WORK REQUEST
Some entries follow. Reproduce exactly the lines starting at the one with "French Ornate Victorian" and stopping after the one with "PACKHOME 12 Extra".

GIVEN INFORMATION
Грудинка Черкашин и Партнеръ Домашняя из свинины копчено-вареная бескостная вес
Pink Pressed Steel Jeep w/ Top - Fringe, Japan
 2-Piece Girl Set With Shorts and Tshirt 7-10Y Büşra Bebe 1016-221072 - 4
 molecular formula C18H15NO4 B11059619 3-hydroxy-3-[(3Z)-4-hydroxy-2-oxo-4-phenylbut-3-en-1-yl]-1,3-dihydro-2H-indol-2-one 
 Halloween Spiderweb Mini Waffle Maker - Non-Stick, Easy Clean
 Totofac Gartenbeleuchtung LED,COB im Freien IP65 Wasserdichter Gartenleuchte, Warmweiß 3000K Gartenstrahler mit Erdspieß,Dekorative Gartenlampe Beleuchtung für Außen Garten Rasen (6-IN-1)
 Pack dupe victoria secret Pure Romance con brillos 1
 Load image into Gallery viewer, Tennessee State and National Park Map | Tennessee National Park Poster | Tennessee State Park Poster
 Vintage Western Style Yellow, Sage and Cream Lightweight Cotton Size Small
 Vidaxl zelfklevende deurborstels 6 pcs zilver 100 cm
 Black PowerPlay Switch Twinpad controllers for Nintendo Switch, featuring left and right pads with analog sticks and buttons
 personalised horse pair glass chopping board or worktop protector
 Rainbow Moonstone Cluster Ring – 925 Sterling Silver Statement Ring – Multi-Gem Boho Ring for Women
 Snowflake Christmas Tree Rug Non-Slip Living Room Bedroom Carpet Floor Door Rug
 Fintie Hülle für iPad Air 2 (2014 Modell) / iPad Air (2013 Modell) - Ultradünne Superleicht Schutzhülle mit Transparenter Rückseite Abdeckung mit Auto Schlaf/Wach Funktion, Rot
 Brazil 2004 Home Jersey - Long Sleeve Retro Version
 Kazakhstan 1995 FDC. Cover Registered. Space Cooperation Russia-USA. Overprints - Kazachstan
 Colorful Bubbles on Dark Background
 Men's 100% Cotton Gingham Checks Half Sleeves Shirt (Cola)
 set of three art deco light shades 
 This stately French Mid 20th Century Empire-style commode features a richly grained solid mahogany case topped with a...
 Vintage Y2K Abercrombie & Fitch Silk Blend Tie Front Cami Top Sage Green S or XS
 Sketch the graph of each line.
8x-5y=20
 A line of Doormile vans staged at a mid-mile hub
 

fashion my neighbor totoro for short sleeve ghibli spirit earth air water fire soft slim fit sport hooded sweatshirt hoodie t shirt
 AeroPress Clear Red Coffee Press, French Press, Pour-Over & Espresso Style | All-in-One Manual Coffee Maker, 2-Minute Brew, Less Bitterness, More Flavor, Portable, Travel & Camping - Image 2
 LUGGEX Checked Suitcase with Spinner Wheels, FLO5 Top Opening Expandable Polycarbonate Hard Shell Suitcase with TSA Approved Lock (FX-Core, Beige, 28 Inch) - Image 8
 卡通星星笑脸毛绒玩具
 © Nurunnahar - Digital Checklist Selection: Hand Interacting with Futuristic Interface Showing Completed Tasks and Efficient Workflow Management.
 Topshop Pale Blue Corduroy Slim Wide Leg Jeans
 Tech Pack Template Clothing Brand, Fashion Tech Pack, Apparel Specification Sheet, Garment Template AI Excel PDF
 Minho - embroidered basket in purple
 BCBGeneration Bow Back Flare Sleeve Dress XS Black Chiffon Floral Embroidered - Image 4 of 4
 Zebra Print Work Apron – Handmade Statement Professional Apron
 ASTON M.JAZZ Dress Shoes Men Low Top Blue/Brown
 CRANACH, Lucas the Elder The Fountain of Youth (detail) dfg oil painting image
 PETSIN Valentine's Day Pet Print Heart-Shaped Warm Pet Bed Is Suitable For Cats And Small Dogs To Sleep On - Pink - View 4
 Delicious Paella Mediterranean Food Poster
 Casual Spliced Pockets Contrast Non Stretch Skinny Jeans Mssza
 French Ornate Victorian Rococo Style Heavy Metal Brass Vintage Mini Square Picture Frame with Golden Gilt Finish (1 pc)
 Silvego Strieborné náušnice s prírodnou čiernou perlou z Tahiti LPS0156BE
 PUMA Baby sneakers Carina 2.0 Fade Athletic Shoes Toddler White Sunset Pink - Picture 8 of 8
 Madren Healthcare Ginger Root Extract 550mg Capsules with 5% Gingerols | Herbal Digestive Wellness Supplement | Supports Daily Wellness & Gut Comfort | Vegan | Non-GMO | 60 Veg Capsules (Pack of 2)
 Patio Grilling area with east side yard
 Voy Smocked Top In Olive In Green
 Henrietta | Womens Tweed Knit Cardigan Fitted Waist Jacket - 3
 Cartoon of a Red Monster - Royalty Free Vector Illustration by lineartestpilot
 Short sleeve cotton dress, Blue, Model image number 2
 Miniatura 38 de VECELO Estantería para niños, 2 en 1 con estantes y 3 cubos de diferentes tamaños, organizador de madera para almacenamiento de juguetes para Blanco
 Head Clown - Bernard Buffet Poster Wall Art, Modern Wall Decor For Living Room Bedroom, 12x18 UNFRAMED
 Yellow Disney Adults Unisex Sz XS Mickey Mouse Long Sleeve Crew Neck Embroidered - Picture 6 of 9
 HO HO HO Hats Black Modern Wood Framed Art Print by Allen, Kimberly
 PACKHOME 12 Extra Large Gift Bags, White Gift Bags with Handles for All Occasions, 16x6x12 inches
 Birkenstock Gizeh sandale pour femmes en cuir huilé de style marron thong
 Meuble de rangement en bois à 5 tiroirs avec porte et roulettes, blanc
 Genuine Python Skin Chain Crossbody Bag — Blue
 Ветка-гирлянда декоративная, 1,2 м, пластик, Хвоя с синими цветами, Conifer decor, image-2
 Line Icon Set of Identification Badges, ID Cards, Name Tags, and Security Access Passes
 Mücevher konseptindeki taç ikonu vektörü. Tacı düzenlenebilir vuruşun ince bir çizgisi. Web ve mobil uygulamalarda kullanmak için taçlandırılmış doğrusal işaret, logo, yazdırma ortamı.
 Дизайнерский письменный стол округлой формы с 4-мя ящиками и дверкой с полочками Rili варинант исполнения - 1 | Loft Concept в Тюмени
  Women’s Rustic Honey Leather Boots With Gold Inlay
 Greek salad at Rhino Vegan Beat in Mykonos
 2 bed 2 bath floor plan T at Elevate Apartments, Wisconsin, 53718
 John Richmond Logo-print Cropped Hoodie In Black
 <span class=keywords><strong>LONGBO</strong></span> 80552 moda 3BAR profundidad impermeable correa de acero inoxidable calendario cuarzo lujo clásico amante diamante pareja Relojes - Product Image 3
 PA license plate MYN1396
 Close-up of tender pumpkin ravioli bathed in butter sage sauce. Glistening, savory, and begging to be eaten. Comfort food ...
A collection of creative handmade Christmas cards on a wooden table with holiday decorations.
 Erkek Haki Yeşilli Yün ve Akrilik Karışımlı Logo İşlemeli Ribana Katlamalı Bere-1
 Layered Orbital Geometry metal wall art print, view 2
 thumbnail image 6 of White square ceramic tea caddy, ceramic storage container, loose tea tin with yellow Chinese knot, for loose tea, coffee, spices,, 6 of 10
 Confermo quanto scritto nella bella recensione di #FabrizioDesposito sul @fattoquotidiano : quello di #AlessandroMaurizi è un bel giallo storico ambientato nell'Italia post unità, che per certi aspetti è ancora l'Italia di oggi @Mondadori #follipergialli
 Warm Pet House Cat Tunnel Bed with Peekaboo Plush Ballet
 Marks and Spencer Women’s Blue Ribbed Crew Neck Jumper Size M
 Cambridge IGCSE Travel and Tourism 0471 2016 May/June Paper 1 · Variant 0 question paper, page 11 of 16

SOLUTION TO THIS TASK
 French Ornate Victorian Rococo Style Heavy Metal Brass Vintage Mini Square Picture Frame with Golden Gilt Finish (1 pc)
 Silvego Strieborné náušnice s prírodnou čiernou perlou z Tahiti LPS0156BE
 PUMA Baby sneakers Carina 2.0 Fade Athletic Shoes Toddler White Sunset Pink - Picture 8 of 8
 Madren Healthcare Ginger Root Extract 550mg Capsules with 5% Gingerols | Herbal Digestive Wellness Supplement | Supports Daily Wellness & Gut Comfort | Vegan | Non-GMO | 60 Veg Capsules (Pack of 2)
 Patio Grilling area with east side yard
 Voy Smocked Top In Olive In Green
 Henrietta | Womens Tweed Knit Cardigan Fitted Waist Jacket - 3
 Cartoon of a Red Monster - Royalty Free Vector Illustration by lineartestpilot
 Short sleeve cotton dress, Blue, Model image number 2
 Miniatura 38 de VECELO Estantería para niños, 2 en 1 con estantes y 3 cubos de diferentes tamaños, organizador de madera para almacenamiento de juguetes para Blanco
 Head Clown - Bernard Buffet Poster Wall Art, Modern Wall Decor For Living Room Bedroom, 12x18 UNFRAMED
 Yellow Disney Adults Unisex Sz XS Mickey Mouse Long Sleeve Crew Neck Embroidered - Picture 6 of 9
 HO HO HO Hats Black Modern Wood Framed Art Print by Allen, Kimberly
 PACKHOME 12 Extra Large Gift Bags, White Gift Bags with Handles for All Occasions, 16x6x12 inches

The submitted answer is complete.